> **WHAT YOU ARE ASKED TO DO**
Pick out each line below containing "Silicone".

> **MATERIAL PROVIDED**
☆ ☆ ☆ ☆

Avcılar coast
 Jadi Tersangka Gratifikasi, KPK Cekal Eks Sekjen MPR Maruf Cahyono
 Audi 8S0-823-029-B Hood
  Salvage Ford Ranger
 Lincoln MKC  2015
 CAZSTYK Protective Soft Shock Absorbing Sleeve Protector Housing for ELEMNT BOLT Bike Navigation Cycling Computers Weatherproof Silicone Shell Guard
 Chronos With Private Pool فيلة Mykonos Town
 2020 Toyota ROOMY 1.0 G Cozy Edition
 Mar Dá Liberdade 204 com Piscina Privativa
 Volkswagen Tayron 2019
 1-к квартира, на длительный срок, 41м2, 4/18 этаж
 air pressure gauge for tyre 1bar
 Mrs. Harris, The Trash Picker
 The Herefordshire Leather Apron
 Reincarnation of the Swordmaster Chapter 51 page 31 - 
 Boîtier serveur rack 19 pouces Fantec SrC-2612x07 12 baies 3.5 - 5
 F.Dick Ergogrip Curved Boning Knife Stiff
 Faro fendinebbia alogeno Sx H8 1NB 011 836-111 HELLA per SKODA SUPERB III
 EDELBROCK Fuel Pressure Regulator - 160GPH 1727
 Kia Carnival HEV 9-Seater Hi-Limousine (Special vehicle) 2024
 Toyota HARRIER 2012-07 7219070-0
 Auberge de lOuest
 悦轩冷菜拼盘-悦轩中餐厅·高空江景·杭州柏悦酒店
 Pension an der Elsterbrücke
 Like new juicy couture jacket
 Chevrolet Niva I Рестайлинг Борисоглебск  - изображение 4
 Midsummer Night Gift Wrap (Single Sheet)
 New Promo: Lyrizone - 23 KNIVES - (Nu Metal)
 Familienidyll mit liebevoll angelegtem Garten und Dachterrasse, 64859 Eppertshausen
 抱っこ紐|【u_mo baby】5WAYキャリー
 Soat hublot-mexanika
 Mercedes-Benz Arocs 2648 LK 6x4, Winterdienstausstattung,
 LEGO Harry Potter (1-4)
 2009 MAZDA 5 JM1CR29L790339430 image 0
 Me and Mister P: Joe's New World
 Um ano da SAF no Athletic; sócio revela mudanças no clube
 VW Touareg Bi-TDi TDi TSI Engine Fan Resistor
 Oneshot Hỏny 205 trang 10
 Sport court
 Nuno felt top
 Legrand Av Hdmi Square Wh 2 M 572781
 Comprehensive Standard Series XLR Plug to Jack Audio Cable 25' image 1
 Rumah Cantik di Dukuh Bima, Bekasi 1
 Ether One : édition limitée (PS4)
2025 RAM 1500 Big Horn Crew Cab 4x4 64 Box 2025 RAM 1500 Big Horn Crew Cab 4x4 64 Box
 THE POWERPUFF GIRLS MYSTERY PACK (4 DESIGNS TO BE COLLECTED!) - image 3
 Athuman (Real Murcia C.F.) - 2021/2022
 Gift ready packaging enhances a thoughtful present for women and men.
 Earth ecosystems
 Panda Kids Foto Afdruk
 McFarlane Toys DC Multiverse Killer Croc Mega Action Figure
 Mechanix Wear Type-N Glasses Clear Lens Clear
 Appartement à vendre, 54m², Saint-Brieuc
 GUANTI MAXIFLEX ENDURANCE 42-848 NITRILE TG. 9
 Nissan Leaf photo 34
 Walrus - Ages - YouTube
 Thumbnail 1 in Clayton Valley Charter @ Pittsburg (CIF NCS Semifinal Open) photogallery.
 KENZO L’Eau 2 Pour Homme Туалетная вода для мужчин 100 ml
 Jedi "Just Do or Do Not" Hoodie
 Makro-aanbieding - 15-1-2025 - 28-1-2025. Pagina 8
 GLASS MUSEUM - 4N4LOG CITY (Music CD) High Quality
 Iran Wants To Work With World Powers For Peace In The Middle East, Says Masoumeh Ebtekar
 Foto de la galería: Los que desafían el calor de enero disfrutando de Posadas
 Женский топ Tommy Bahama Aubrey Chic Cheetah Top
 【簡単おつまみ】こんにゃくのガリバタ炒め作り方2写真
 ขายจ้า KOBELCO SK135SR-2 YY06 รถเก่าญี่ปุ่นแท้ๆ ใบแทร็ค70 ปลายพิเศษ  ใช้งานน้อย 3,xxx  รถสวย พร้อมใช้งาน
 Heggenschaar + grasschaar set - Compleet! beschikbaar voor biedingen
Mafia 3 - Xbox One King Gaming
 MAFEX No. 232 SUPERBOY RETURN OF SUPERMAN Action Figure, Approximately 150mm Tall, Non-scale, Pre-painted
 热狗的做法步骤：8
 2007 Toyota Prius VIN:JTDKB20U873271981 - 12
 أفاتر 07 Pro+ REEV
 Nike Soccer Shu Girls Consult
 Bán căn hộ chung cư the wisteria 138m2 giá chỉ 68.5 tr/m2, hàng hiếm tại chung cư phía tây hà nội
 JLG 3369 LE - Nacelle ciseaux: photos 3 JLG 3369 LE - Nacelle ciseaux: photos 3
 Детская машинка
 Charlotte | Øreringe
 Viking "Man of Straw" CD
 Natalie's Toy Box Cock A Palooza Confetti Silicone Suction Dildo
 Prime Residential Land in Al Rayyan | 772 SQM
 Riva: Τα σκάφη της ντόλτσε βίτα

☆ ☆ ☆ ☆

> **ANSWER TO THIS EXERCISE**
 CAZSTYK Protective Soft Shock Absorbing Sleeve Protector Housing for ELEMNT BOLT Bike Navigation Cycling Computers Weatherproof Silicone Shell Guard
 Natalie's Toy Box Cock A Palooza Confetti Silicone Suction Dildo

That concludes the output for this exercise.